Oil retailer Indian Oil Corporation (IOC) is expected to report standalone profit at Rs 3,013 crore for April-June quarter, down 19 percent compared with Rs 3,720 crore in previous quarter.
The fourth quarter FY17 was hit by lot of one-offs as there was Rs 2,100 crore worth employee cost revision, Rs 5,700 crore for entry tax provisions, Rs 2,600 crore for refining+ marketing inventory gains and Rs 1,500 crore in forex gains. IOC also booked a large deferred tax reversal in Q4.
Revenue during the quarter is seen falling at Rs 94,563 crore from Rs 1.22 lakh crore in previous quarter, according to average of estimates of analysts polled by CNBC-TV18.
Operating profit is seen rising sharply to Rs 6,213 crore from Rs 4,408 crore and margin may expand to 6.5 percent from 4.4 percent on sequential basis.

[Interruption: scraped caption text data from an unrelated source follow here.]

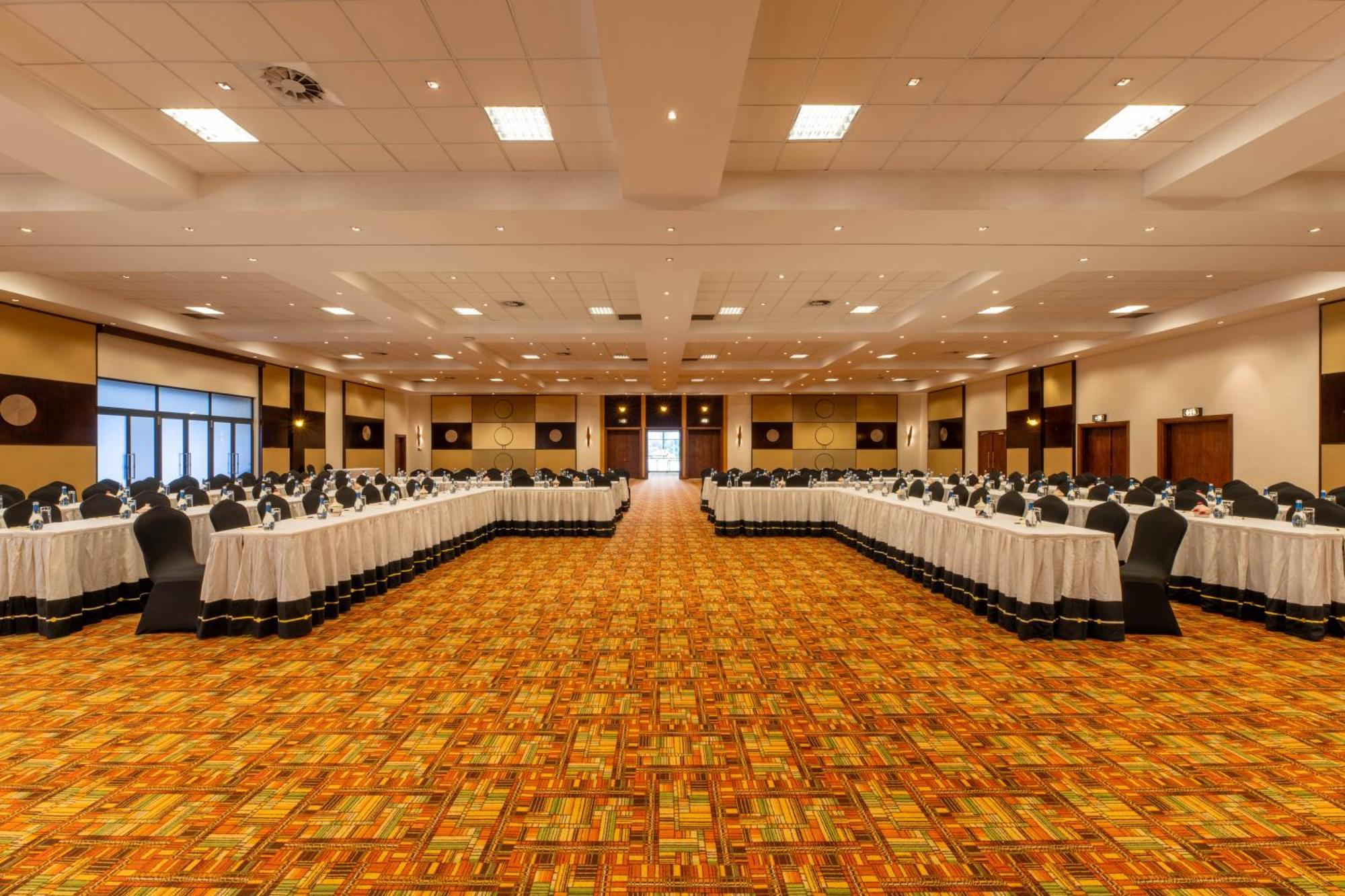 Kigali Serena Hotel מראה חיצוני תמונה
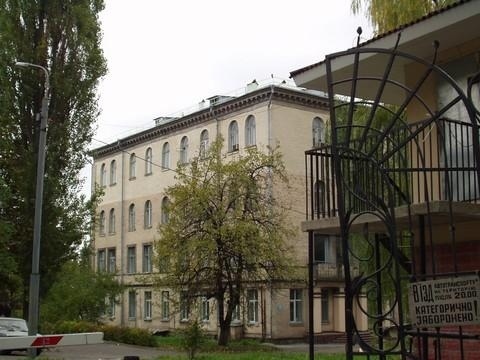 Київ, Миколи Амосова вул., 8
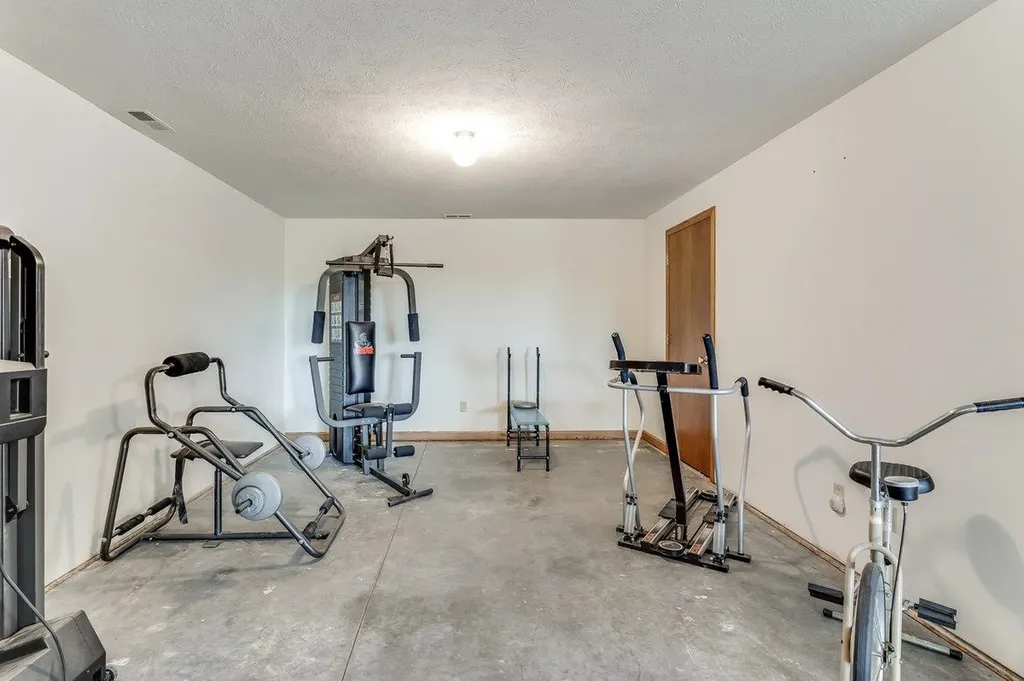 9202 N Plum Street Hutchinson KS 67502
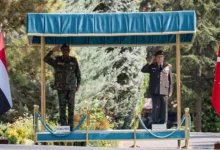 Le masque de la souveraineté tombe : la réalité du transit des armes turques et de la dépendance militaire des généraux de Port-Soudan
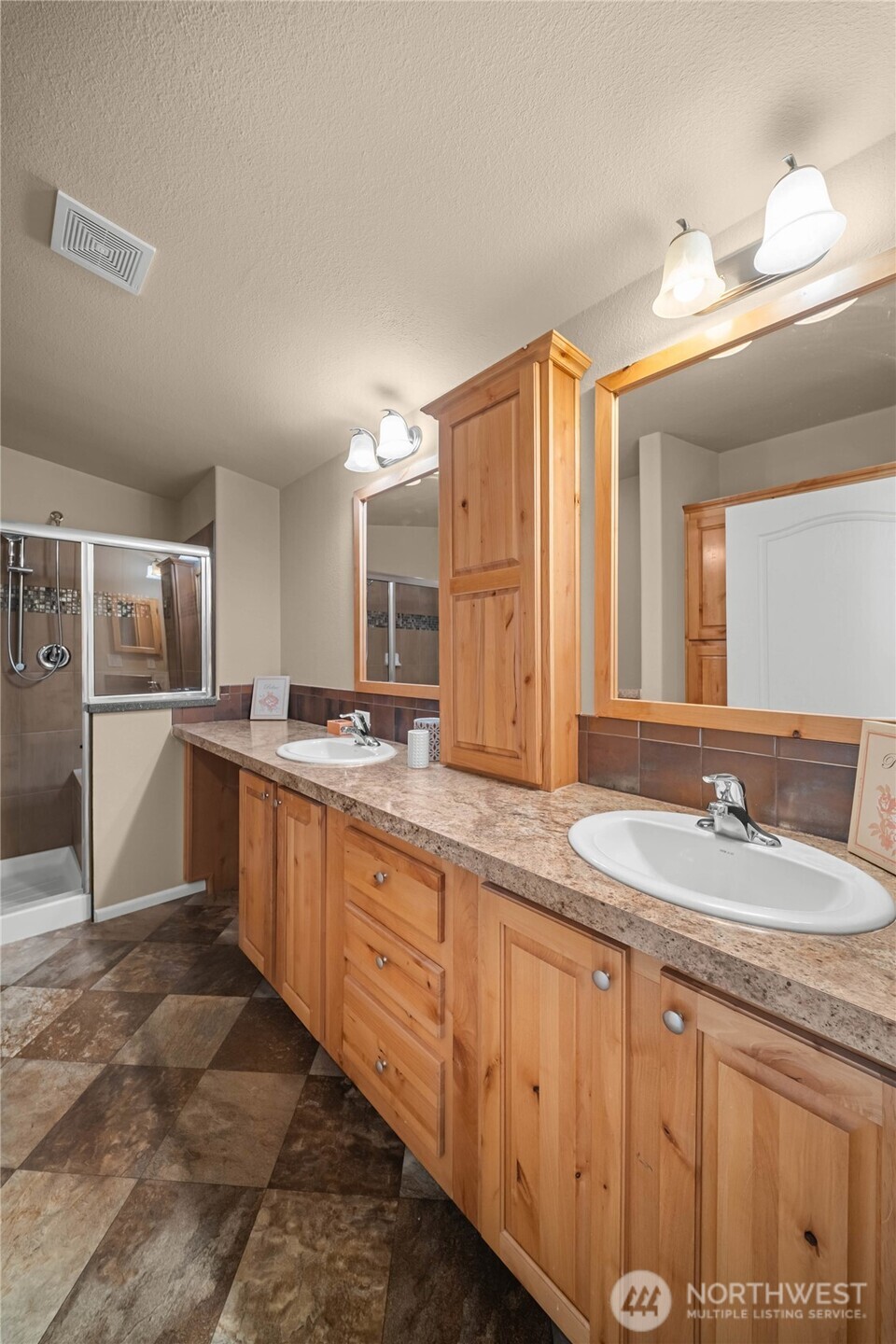 3516 Meadowbrook Lane Property Photo 14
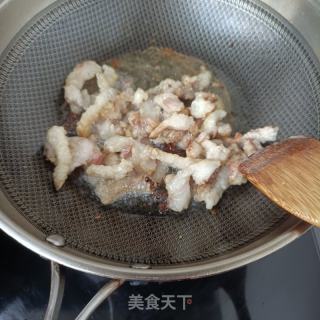 油渣拌莲花白的做法步骤：1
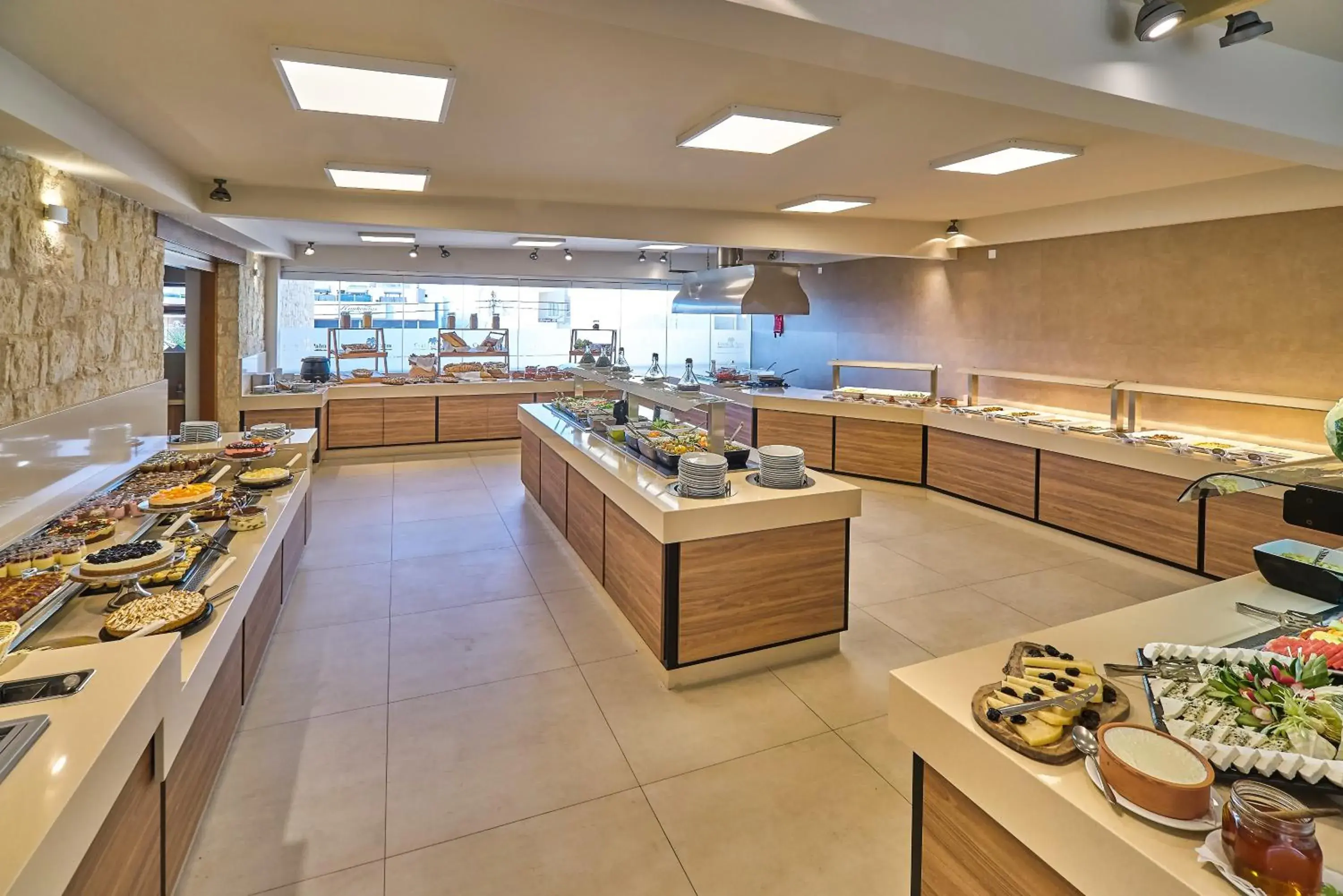 Restaurant/places to eat in Creta Palm Resort Hotel & Apartments Restaurant/places to eat in Creta Palm Resort Hotel & Apartments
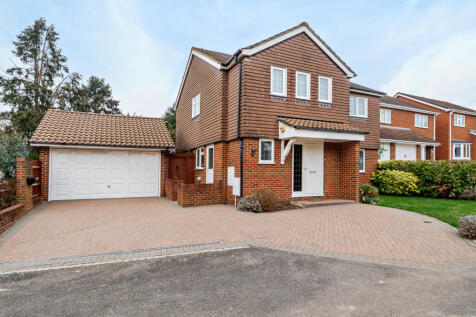 Courtlands Close, Ruislip 4 bed detached house for sale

Analysts expect gross refining margin of USD 4.6 a barrel (including inventory loss) for IOC in Q1FY18 against USD 8.9 a barrel in Q4FY17 (included inventory gain of USD 2/bbl)/
They expect refinery throughput at 17.9mmt for Q1FY18 against 16.1mmt in Q1FY17 and 17.1mmt in Q4FY17, higher due to contribution from the Paradip refinery.
Key issues to watch for would be utilisation of Paradip refinery, gross refining margin, capex plans and forex/inventory changes.